Immuni | La sezione Impostazione dell’app

Sempre nelle Impostazioni troviamo anche una sezione dedicata all’Informativa della privacy. Prima si approda su un recap con tutti i punti principali, come il tracciamento senza usare il Gps o cancellazione dei dati entro il 31 dicembre del 2020. E poi si può anche arrivare al documento integrale che contiene tutta l’informativa.

C’è solo un dubbio per la schermata principale: il messaggio sullo stato del servizio. Visto che Immuni non usa la geolocalizzazione, si deve impostare sia la provincia che la regione in cui ci si trova per permettere all’app di accedere al sistema sanitario. Digitando sia regioni che cominceranno i test l’8 giugno (Liguria, Puglia, Marche e Abruzzo) sia regioni che al momento sono escluse, il messaggio nella schermata iniziale indica sempre “Servizio Attivo”.

La notifica per il contatto avvenuto con un utente positivo

Immuni | La notifica di “esposizione a rischio”

Immuni funziona solo attraverso le notifiche dell’app. Non invierà sms, mail o altre forme di comunicazione digitale quando dovrà informare i suoi utenti di aver avuto un contatto con un paziente positivo. Una volta ricevuta questa notifica poi non ci sarà alcun obbligo. Starà alla responsabilità dell’utente mettersi in quarantena per evitare altri contagi e chiedere di fare un tampone al centro di riferimento più vicino al luogo in cui si trova.

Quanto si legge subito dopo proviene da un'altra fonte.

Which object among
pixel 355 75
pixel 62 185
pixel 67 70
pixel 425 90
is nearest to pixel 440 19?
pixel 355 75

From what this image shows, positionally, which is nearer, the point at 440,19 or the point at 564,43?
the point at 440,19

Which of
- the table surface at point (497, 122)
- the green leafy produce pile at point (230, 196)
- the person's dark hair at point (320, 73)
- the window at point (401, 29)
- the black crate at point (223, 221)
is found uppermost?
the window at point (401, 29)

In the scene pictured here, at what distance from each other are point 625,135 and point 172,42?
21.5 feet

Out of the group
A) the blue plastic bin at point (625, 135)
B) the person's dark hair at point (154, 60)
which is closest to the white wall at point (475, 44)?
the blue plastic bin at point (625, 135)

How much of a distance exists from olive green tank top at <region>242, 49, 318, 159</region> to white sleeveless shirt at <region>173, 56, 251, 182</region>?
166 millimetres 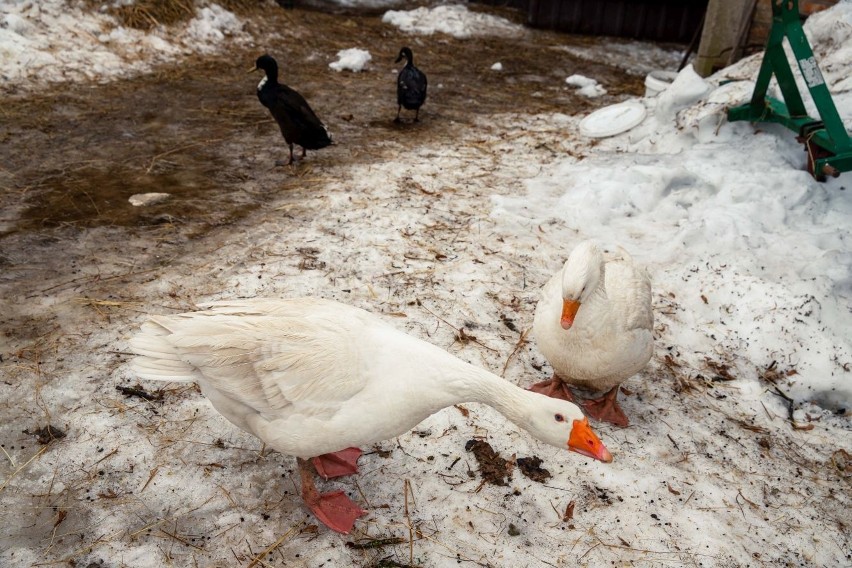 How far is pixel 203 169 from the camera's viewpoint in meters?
5.79

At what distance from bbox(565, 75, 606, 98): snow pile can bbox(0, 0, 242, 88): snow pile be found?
608 centimetres

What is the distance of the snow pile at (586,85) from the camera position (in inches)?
347

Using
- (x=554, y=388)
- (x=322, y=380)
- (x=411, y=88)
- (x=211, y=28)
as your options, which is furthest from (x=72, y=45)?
(x=554, y=388)

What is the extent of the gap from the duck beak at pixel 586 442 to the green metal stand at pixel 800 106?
3520mm

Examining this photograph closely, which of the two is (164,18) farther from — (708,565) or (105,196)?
(708,565)

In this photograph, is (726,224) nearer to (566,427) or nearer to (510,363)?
(510,363)

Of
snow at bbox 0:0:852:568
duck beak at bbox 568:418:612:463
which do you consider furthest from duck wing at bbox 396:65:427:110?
duck beak at bbox 568:418:612:463

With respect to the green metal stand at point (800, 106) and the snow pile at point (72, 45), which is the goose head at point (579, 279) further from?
the snow pile at point (72, 45)

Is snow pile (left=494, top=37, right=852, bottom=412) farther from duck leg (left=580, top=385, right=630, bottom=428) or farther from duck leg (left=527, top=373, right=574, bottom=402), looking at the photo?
duck leg (left=527, top=373, right=574, bottom=402)

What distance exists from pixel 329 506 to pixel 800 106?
204 inches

I bug che sono stati segnalati nelle ultime ore su GitHub da chi sta provando l’applicazione sono pochi e riguardano soprattutto l’attività in background, cosa che però dovrebbe essere di competenza di Google e Apple. Uno però è interessante. Secondo la segnalazione dell’utente mirkocazzolla infatti nel codice della notifica ci sarebbe anche la data di quando sarebbe avvenuto il possibile contagio. Un’informazione che, in alcuni casi, potrebbe rivelare l’identità del paziente risultato positivo.